## Directions
Could you retype every line below exactly, omitting the images?

## Provided data
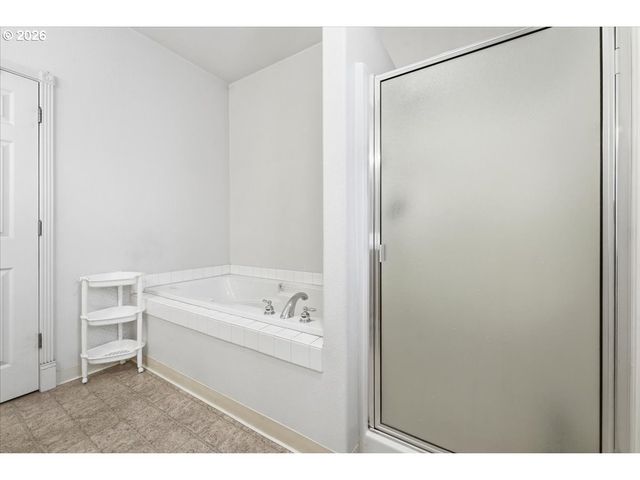 6366 Se 33RD Way, Gresham, OR 97080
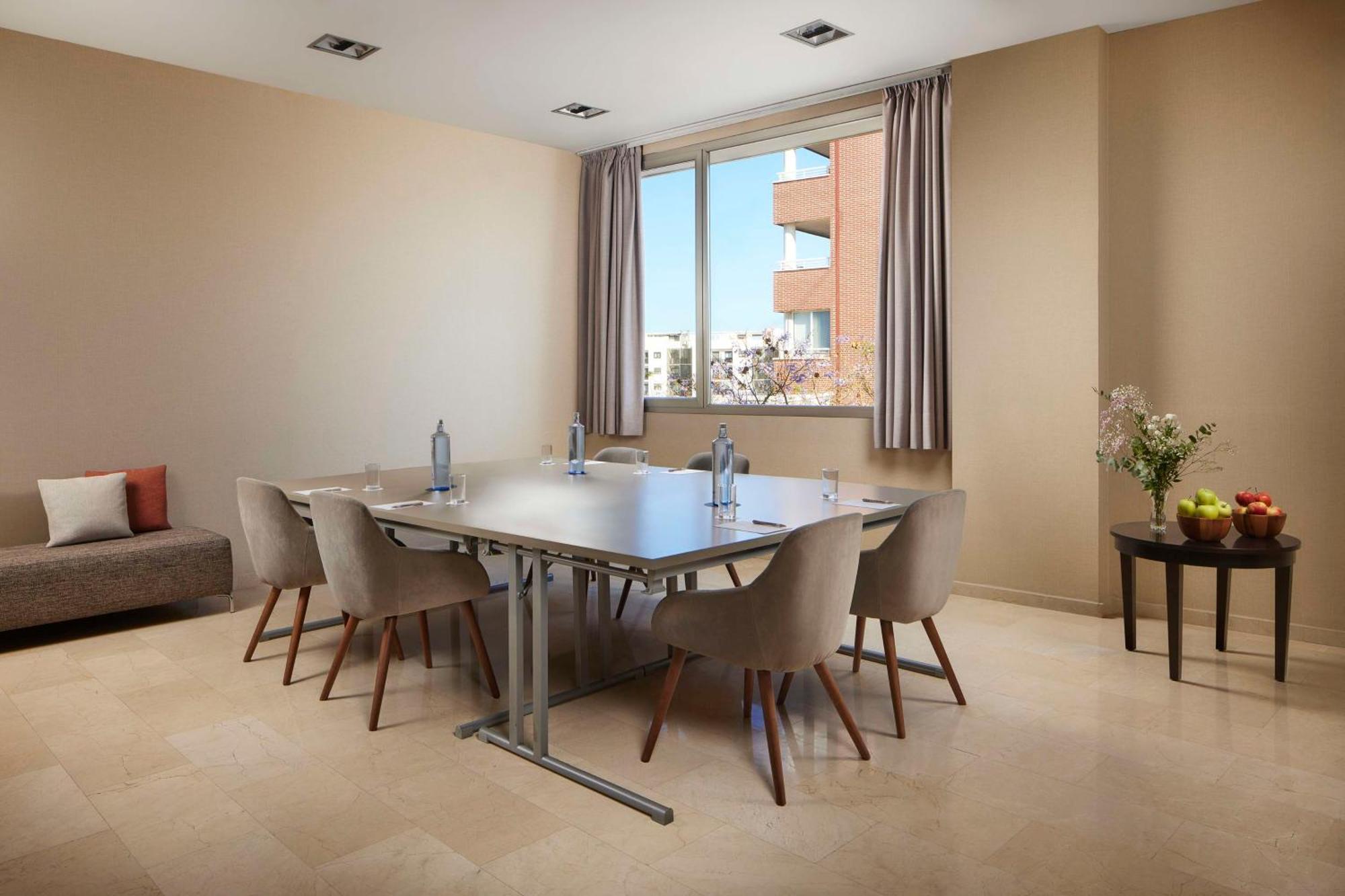 Nh Alicante Luaran gambar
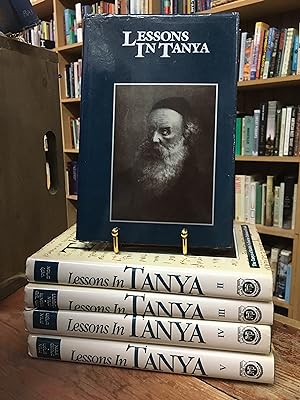 Seller image for Lessons in Tanya (5 vols) (English and Yiddish Edition) for sale by Encore Books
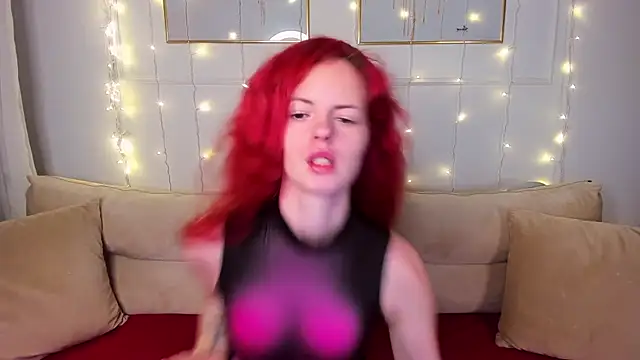 Snapshot of RubyAttwood chatting on 02.02.25 RubyAttwood online show from 02.02.25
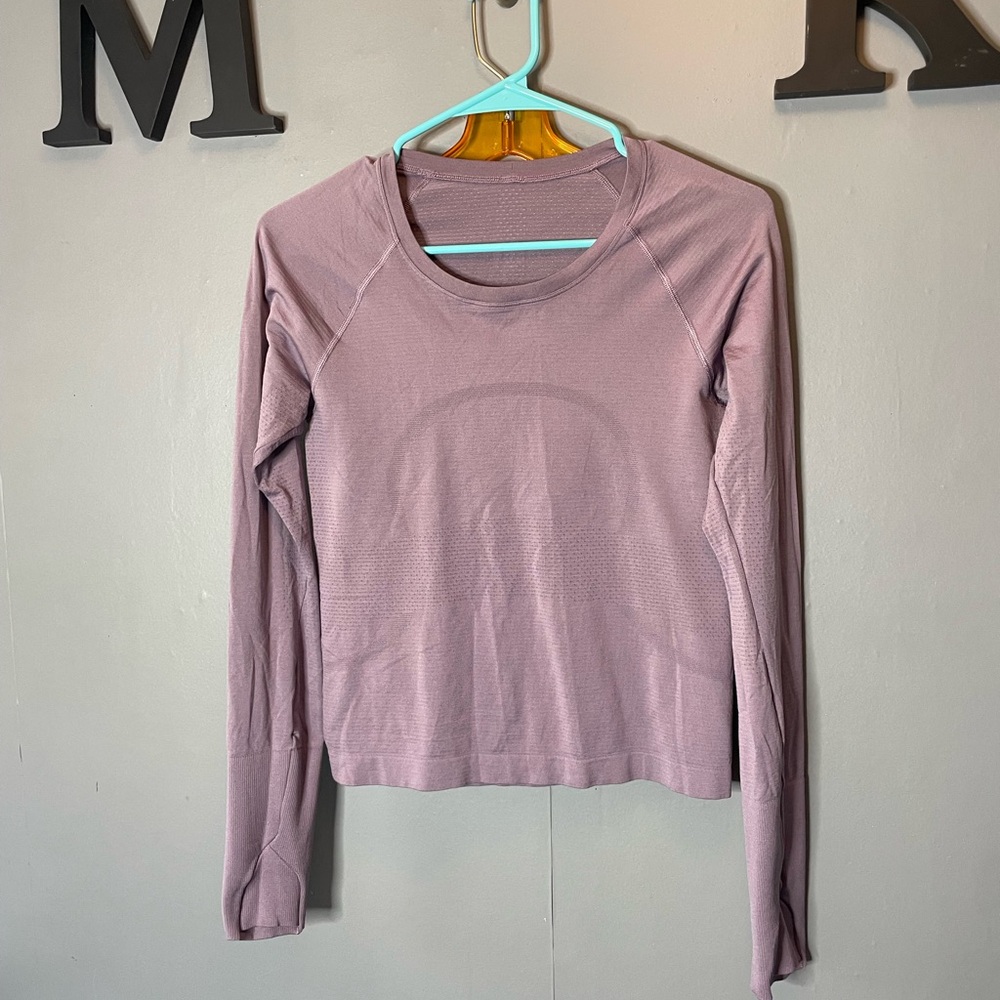 Lululemon Swiftly tech 2.0 long sleeve race length size 6 lavender lux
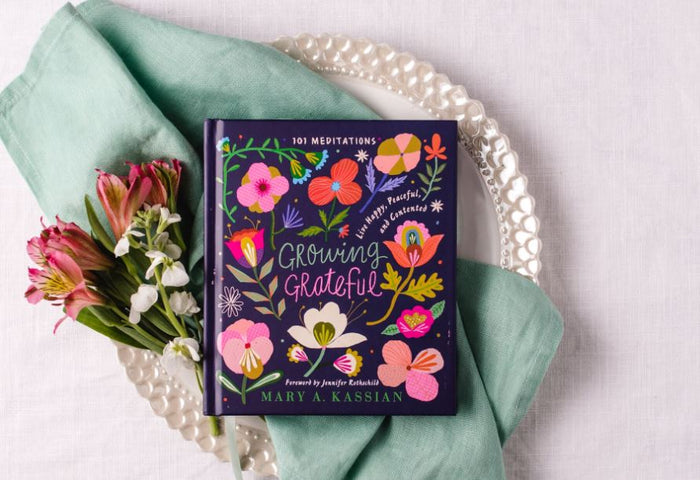 Growing Grateful: Live Happy, Peaceful, and Contented (A 101-Day Devotional)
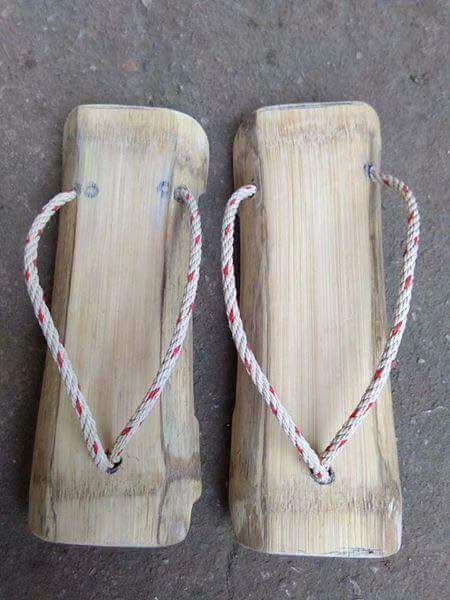 SiabKaj's tweet photo. A pair of shoes, silk, bamboo
สักคู่ไหมรองเท้าไม้ไผ่ https://t.co/FL2IuIZ1EI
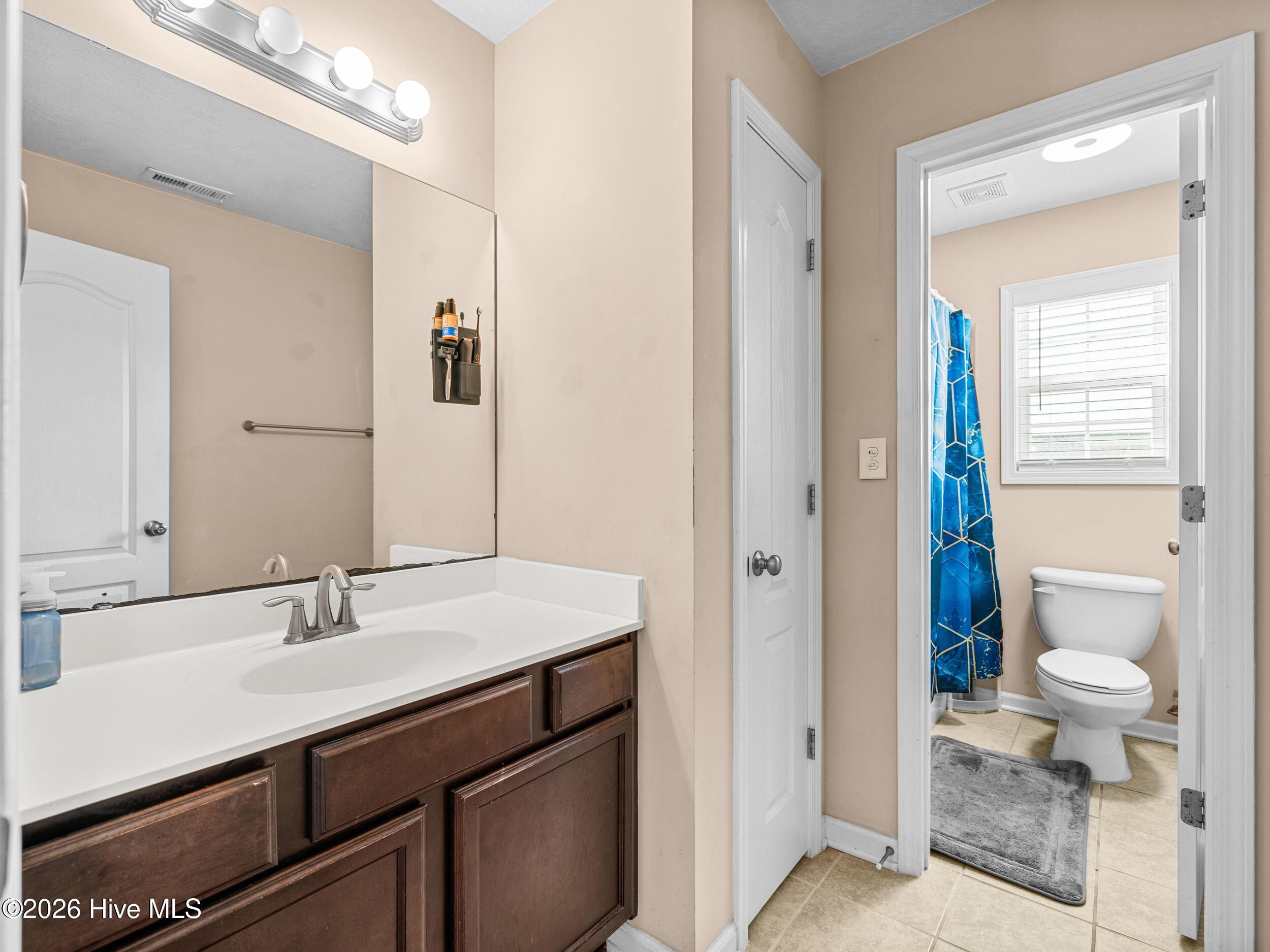 100568044 | Photo 42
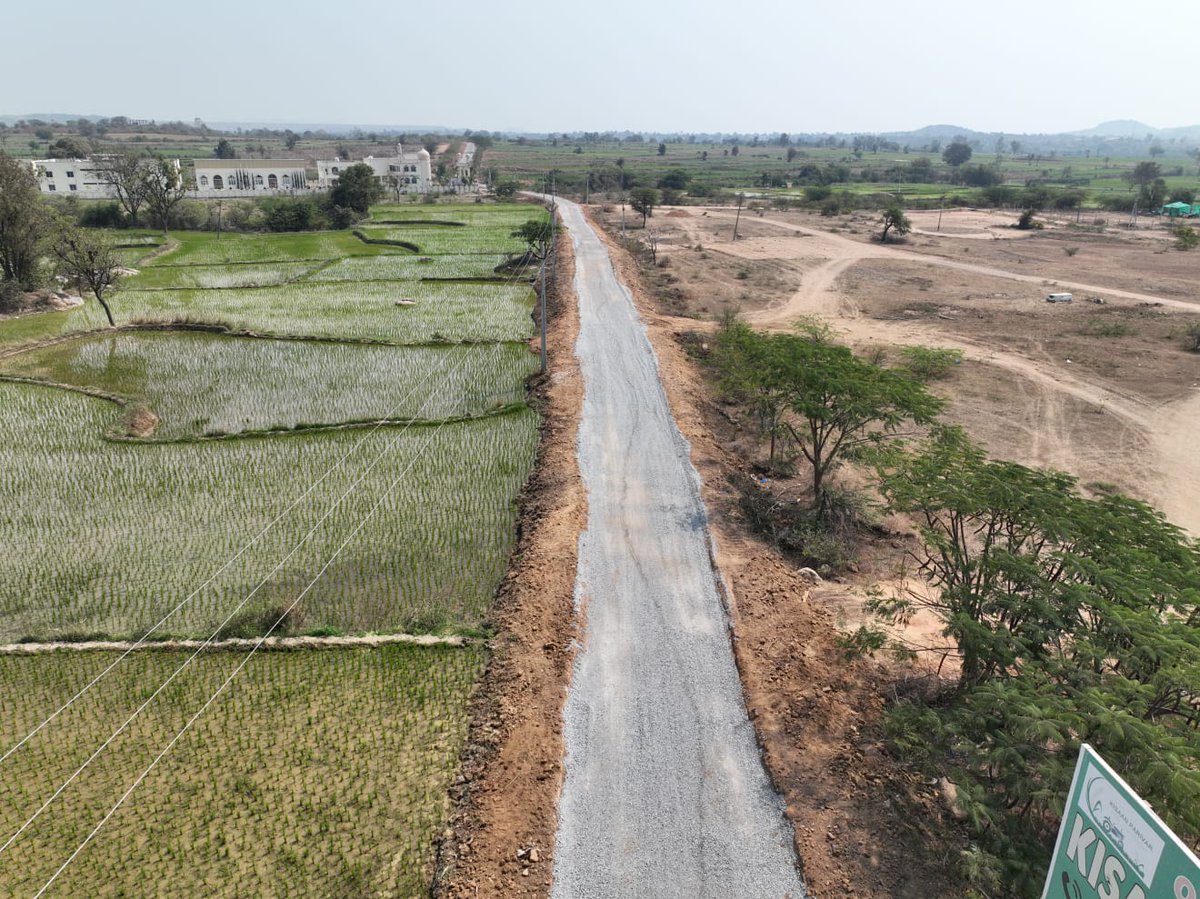 BhoothpurM's tweet photo. BT Road work started at ward no 2 In bhoothpur Municipally under TUFIDC Grant  @cdmatelangana 
@KTRBRS 
@arvindkumar_ias https://t.co/AZ1GhqYsFr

## Finished exercise
 6366 Se 33RD Way, Gresham, OR 97080
 Nh Alicante Luaran gambar
 Seller image for Lessons in Tanya (5 vols) (English and Yiddish Edition) for sale by Encore Books
 Snapshot of RubyAttwood chatting on 02.02.25 RubyAttwood online show from 02.02.25
 Lululemon Swiftly tech 2.0 long sleeve race length size 6 lavender lux
 Growing Grateful: Live Happy, Peaceful, and Contented (A 101-Day Devotional)
 SiabKaj's tweet photo. A pair of shoes, silk, bamboo
สักคู่ไหมรองเท้าไม้ไผ่ https://t.co/FL2IuIZ1EI
 100568044 | Photo 42
 BhoothpurM's tweet photo. BT Road work started at ward no 2 In bhoothpur Municipally under TUFIDC Grant  @cdmatelangana 
@KTRBRS 
@arvindkumar_ias https://t.co/AZ1GhqYsFr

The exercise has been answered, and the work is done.